Summary: Learn how to use Excel 2003 security settings and options to mitigate the risks of loading malicious components, check the identity of their publishers, and help your users make explicit trust-based decisions. (12 printed pages)

Contents

Introduction
Excel Security Options Matrix
Understanding Excel 2003 Security Prompts
Understanding the "Trust All Installed Add-ins and Templates" Option
Additional Resources

Introduction

Microsoft Office Excel 2003 provides a number of security options that can help reduce the risk of users loading malicious components. Whether or not Excel 2003 will load or disable an Excel add-in or Microsoft Visual Basic for Applications (VBA) macro depends on many factors.

This article demonstrates how Excel 2003 security features mitigate the risks of loading malicious components by checking the identity of their publishers and letting users make explicit trust-based decisions, depending on users' specific security settings.

Excel Security Options Matrix

Table 1 and Table 2 describe the behavior of Excel 2003 when loading macros and unmanaged-code COM add-ins (those built using Microsoft Visual Studio 6.0).

Important   If you want information about managed-code COM add-ins (those built using Microsoft Visual Studio .NET), see Isolating Office Extensions with the COM Shim Wizard and Deployment of Managed COM Add-ins in Office XP for a detailed explanation of how security checking is done and how managed-code COM add-ins are loaded.

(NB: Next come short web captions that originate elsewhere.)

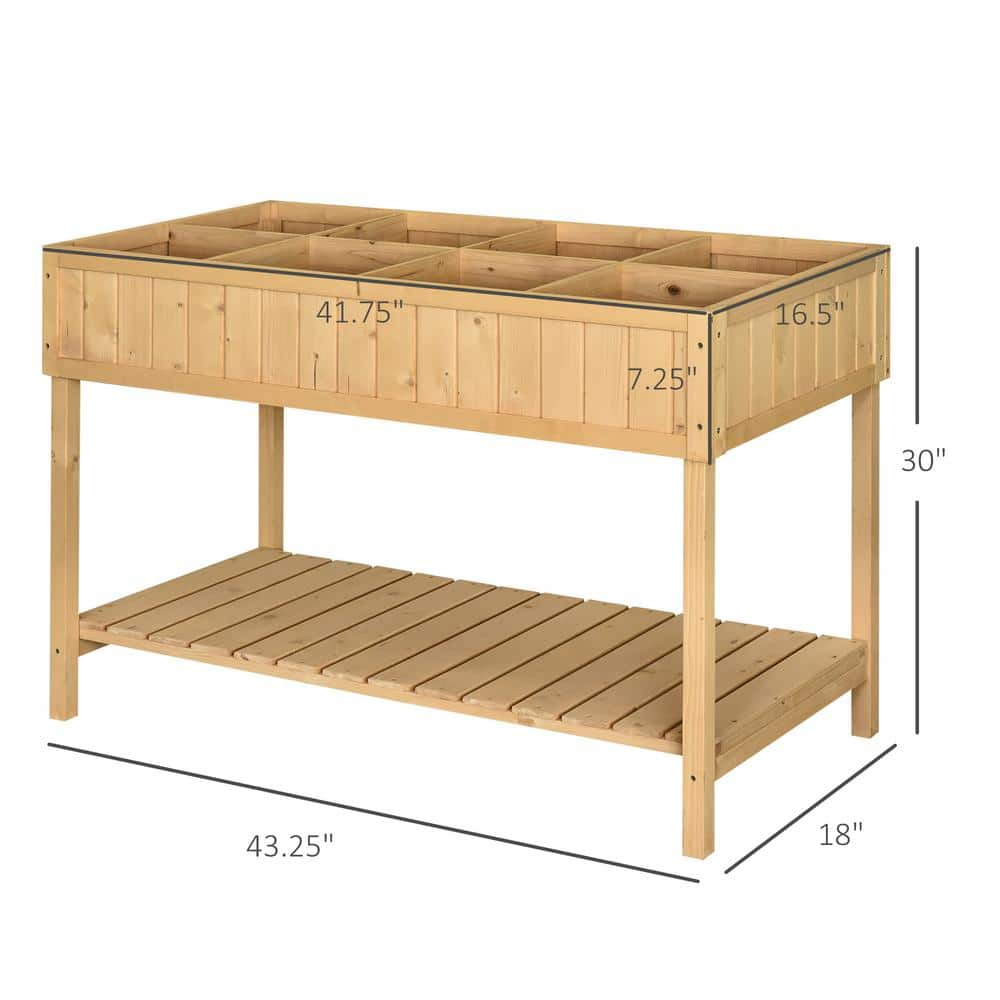 Outsunny Natural Wooden Raised Garden Bed with 8 Slots and Open Shelf 845-238V01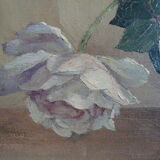 Peinture huile sur toile de Georges Danset "Bouquet de Roses"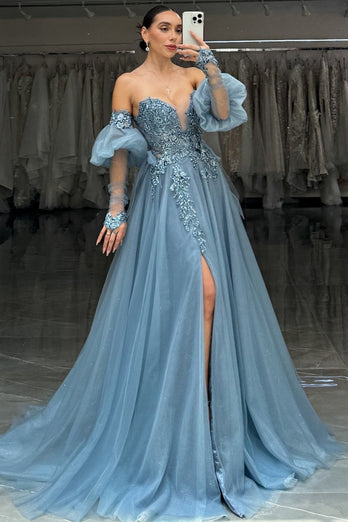 Sparkly Grey Blue Sweetheart Appliqued Long Tulle Prom Dress with Slit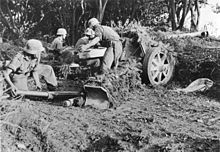 German soldiers in uniform with helmets, serving as crew of an anti-tank gun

Note that the availability of the Security dialog box varies depending on the specific Office application. The options within this dialog box also can vary, depending on the application. To open the Security dialog box, click the Tools menu, point to Macro, and click Security (see Figure 1).

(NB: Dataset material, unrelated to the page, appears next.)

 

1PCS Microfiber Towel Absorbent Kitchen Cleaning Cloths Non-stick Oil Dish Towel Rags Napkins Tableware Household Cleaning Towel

Excel 2003 security options

Figure 1. Excel 2003 security options

Note   The Prior Trusted Sources tab is visible only if you added a trusted certificate in a previous version of Office, using the Office (not Microsoft Internet Explorer) trust storage location.

Additionally, specific Office applications silently load macros only from specific directories. For example, selecting the Trust all installed add-ins and templates check box will allow all macros that are stored in certain "trusted" personal or workgroup locations to run, whether or not they are code signed. Not all Office applications support the "trusted locations" option for macros.

Note   The term trusted locations applies only to macros, and refers to folders that users or administrators choose to trust. Not all Office applications support trusted locations, but certain folders are trusted by default. The trusted locations apply only when you select the Trust all installed add-ins and templates check box. When you select this check box, all macros that are stored in certain personal or workgroup "trusted locations" will load, whether or not they are code signed. To view some of these locations in Excel, open the Tools menu, click Options, and then click the General tab as shown in Figure 3. The box titled At startup, open all files in shows the trusted location.

Figure 2 shows the Trust all installed add-ins and templates check box, which is located on the Trusted Publishers tab of the Security dialog box.

The "Trust all installed add-ins and templates" option

Figure 2. The "Trust all installed add-ins and templates" option

To view trusted locations in Excel, open the Tools menu and click Options. Figure 3 shows the Options dialog box. Click the General tab; the trusted location appears in the At startup, open all files in field. In Figure 3, no trusted location is specified.

You can open all files at startup from a specific location

Figure 3. You can open all files at startup from a specific location

For more information about the Trust all installed add-ins and templates option, see the later section, Understanding the "Trust All Installed Add-ins and Templates" Option.

Table 1. Options in the Security dialog box, shown in Figures 1 and 2

Options General Description
Very High The Very High security level is new in Office 2003. If you select this security level and clear the Trust all installed add-ins and templates check box, all add-ins and macros are disabled, whether or not they are signed, and whether or not they are from trusted publishers.

If you select the Trust all installed add-ins and templates check box, all installed add-ins will run. However, whether or not a macro will be allowed to run depends on whether or not it is saved in a trusted location.

High If you select the High security level and clear the Trust all installed add-ins and templates check box, all unsigned add-ins and macros are disabled. If they are signed, and the publisher of the add-ins or macros is not in the Trusted Publishers list, users are prompted to either trust the publisher or disable the add-ins or macros. Users do not have the option to run the add-in or macro on a per-application-session basis. The only option is to either trust or not trust the publisher.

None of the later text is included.